What’s that? You want another flame-based 70s food trend? Fondue, baby. This set has been updated for the times with an electric element and temperature control to expertly maintain cheese, chocolate, broth, or oil at ideal serving conditions. If you can dip it, you can fondue it.
Don’t just stand there…mix!
We’re not sure what else to tell you about stand mixers. The high-tech mixing action of this powerhouse will bring you and your bacon-smothered cheese ball into the now. Seriously, it’s worth it just for the snacks you can make.
Foods made just for fingers
The ’70s were the heyday of finger foods and deviled eggs were a trend that started and just never stopped. This stunning ceramic plate holds 24—yes, 2 dozen—of those mayo-filled appetizers that we all still crave.
Real men do eat quiche
Brunch was another brilliant innovation of that groovy decade. And what quickly became synonymous with brunch? Quiche. An instant power couple. This elegant anodized tart pan will help make all your dainty, faintly pretentious, and quaintly French dreams come true.
Spend your clams on seafood
There are actually a few truly elegant dishes you can serve at a retro-themed dinner. We’re looking at you, baked seafood imperial. A luscious blend of seafood and cream piled high on these delicate natural shells will be the night’s superstar.
Glamming up yesteryear’s staples
Another mainstay from 50 years ago? Preserving. Also experiencing a glow up is the lip-smacking sloppy Joe. Our current fave riff on the classic recipe are these Korean-Style Sloppy Joes that rely on zingy pickled red onions as a foil to the cheesy beefy filling. The superior storage of Le Parfati’s terrine jars is perfect for those—and any—pickles.
Get your cooking groove on
The ’70s were nothing if not a time to rethink how we approach life. This paved the way for the time-saving pervasiveness of the food processor. Females–housewives and hippies alike—whizzed and pulsed their way to all manner of deliciousness. And not just for practical put-dinner-on-the-table-like-Marion-Cunningham sorta cooking. We bet you have a dog-eared recipe card for bourbon balls that’s been handed down for generations.
Join hands, start a loaf train
Your mom’s waste-not, want-not attitude probably resulted in a steady stream of quick breads. You might find yourself carrying on that tradition. Slicked with silicone, Le Creuset’s lightweight loaf pan means releasing your golden brown bounty has never been easier. The most difficult decision? Banana bread or walnut zucchini bread.
Carry on, wayward Bundt
Remember when you discovered Twinkies and realized that you were, in fact, living in the future? Our stunning blue, nonstick 12-cup Bundt pan is outta site for letting you relive the glory days of sweet, cream-filled cakes of your childhood with our Twinkie Bundt Cake.
Chafe and bake
Swedish meatballs may be the ultimate buffet throwback to bite-size servings of don’t-I-feel-hip-ness. This flame-heated chafing dish easily holds at least a double recipe. With so many leftover meatballs, you’ll never again have to make a trek to a warehouse for your Swedish food fix (or impulse spend a fortune on flat-pack bookshelves).

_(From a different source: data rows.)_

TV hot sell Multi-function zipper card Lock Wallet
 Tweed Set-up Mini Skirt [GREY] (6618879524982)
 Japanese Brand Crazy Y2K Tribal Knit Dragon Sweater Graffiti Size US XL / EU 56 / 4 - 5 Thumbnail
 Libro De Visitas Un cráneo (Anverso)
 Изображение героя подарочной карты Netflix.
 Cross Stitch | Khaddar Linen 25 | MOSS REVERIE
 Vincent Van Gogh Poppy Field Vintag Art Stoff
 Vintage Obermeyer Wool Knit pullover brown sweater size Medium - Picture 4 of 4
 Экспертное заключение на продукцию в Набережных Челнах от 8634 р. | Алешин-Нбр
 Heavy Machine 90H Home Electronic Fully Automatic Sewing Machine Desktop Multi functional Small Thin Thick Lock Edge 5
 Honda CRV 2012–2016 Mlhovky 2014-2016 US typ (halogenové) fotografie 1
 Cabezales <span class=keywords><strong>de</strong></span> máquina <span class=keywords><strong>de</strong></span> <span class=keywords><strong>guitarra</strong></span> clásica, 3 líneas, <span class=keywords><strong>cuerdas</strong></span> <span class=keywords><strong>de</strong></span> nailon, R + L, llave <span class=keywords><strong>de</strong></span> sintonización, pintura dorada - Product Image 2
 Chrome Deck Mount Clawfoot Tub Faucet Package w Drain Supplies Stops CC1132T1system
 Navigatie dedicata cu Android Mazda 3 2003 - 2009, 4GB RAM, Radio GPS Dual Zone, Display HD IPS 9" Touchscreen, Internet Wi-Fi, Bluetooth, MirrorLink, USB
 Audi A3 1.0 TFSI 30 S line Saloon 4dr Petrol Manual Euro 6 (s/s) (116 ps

The innovation of combining cheese and crackers into a single entity might be the saving grace of a decade known for bell-bottoms and canned meat. Homemade cheese crackers merit a sturdy baking sheet. This threesome includes a nonstick silicone mat and a wire cooling rack for all your salty, cheesy, crunchy cravings.
Take your daiquiri for a spin
More popular than shag carpet, icy blender drinks came of age in the technicolor ’70s. And ice, rum, apricots, and lime juice for this unforgettable Apricot Daiquiri come together in a snap with this blender’s powerful blades. A modern version of those original countertop beasts, this one boasts a high torque motor that’s both efficient and quiet so you won’t miss a beat of Disco Inferno.
Seriously still hilarious
If you were a kid in the ’70s, you definitely thought pupu platters were a curiosity. Here’s your chance to relive all that sniggering around the table while noshing on coconut shrimp and crab rangoon. This burnished wood centerpiece—it rotates for sharing, natch—means everyone can get a bite of everything. That is, if you can stop giggling.